Wednesday, April 17, 2019

The Morning Call--I can't argue with the dataflow


The Morning Call

4/18/19

The Market
         
    Technical

The Averages (DJIA 26449, S&P 2900) drifted lower on higher volume and mixed breadth.  While the pin action was hardly attention grabbing, it did result in a confusing outcome: (1) the S&P closed below the lower boundary of its very short term uptrend; if it remains there through the close today, it will void that trend and (2) the Dow ended above its prior high for a second day, reestablishing a very short term uptrend.  I am not going to read too much into this until there is some clarifying follow through.  For now, I continue to believe that the indices will almost surely hold their momentum long enough to challenge their all-time highs.

But, there are two potential negatives that I discussed in last weekend’s Closing Bell: (1) both indices made a second gap up open on Friday.  Meaning they now have two gap up opens exerting restrain on the upside, (2) while the recent drawdown in the VIX would normally be a plus for stocks, it has now reached a level that puts it near an all-time low.  Historically, this has been a signal that stock prices are getting stretched.
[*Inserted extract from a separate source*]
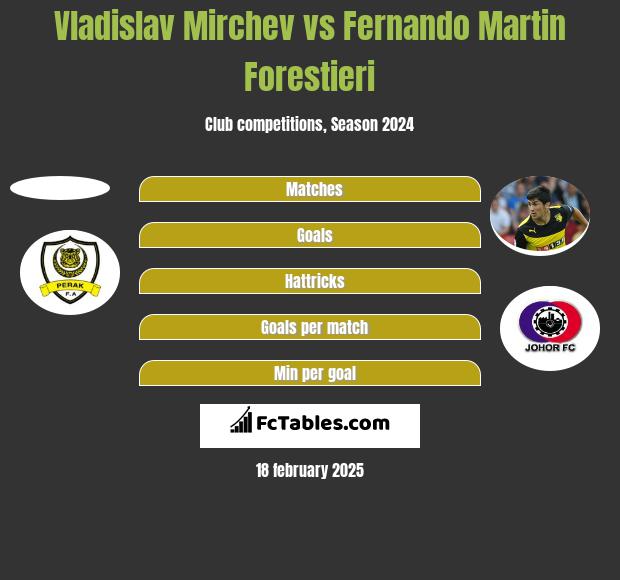 Vladislav Mirchev vs Fernando Martin Forestieri h2h player stats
The long bond was up fractionally, ending above (but near) near the lower boundary of its very short term uptrend and above MA’s. 

The dollar was down two cents.   So, it remains in a solid uptrend.  The only thing I can see wrong with this chart is that it needs to trade meaningfully above its prior high.

GLD (120) was down slightly, finishing below its 100 DMA/triple bottom for a second day.  If it remains there through the close today, the 100 DMA will revert to resistance and the downside objective established by it head and shoulders will be roughly the lower boundary of its short term uptrend (117).  Clearly, this chart is deteriorating.

Bottom line: after one day of trading in sync, the Averages are back out of it---though not enough to raise questions about direction (up).  And the other Markets that I follow continue to reflect an emerging narrative pointing to improving economic growth and higher interest rates.  It is still a bit early to feel comfortable with this scenario; but the signs are there.

            Corrections and declines.

            Wednesday in the charts.

    Fundamental

       Headlines

            Yesterday’s US data was slightly upbeat: weekly mortgage applications down while purchase applications improved fractionally, February wholesale inventories were below expectations but sales increased, and the February trade deficit was less than anticipated.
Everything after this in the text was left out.